Aim of the exercise.
Using the records below, write out the line with "14K Two-Tone Gold" and each line after it through the final one, exactly, and only those.

Dataset extract.
------------------------------------------------------------------------
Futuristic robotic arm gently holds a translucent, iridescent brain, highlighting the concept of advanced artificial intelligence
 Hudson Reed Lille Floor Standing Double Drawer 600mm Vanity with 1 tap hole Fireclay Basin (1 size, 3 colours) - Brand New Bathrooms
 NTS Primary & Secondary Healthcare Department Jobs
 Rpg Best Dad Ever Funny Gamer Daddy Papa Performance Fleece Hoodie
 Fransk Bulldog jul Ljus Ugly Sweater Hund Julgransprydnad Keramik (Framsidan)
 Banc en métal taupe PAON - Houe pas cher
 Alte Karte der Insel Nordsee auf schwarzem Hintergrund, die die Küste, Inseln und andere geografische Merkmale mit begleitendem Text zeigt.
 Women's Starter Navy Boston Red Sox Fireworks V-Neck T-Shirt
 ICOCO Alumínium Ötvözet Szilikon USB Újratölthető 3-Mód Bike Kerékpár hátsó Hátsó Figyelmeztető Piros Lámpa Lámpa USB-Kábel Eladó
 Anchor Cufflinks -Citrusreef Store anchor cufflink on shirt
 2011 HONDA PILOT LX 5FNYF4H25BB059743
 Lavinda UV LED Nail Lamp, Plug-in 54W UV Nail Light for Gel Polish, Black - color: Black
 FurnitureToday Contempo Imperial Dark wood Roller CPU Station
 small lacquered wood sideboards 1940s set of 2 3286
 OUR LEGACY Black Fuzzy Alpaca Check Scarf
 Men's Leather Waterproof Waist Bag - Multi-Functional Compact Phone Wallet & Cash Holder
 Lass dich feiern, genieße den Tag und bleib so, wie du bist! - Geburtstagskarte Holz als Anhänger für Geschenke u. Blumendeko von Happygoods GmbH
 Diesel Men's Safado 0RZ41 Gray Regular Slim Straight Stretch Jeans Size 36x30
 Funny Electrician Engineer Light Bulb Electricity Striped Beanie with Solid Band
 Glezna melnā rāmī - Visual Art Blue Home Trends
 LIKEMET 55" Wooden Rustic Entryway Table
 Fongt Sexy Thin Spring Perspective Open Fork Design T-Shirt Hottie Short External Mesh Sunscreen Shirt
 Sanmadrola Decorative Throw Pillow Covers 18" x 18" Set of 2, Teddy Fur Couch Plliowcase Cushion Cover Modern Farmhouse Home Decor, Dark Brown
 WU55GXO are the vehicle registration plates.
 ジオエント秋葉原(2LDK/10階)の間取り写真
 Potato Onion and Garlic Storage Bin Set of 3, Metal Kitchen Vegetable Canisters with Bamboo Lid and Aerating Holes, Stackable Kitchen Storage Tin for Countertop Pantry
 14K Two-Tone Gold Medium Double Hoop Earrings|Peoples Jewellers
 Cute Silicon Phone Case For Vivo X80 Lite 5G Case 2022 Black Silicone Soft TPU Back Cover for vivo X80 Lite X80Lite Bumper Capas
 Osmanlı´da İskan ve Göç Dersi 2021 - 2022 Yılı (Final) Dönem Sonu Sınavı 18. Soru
------------------------------------------------------------------------
Solution.
 14K Two-Tone Gold Medium Double Hoop Earrings|Peoples Jewellers
 Cute Silicon Phone Case For Vivo X80 Lite 5G Case 2022 Black Silicone Soft TPU Back Cover for vivo X80 Lite X80Lite Bumper Capas
 Osmanlı´da İskan ve Göç Dersi 2021 - 2022 Yılı (Final) Dönem Sonu Sınavı 18. Soru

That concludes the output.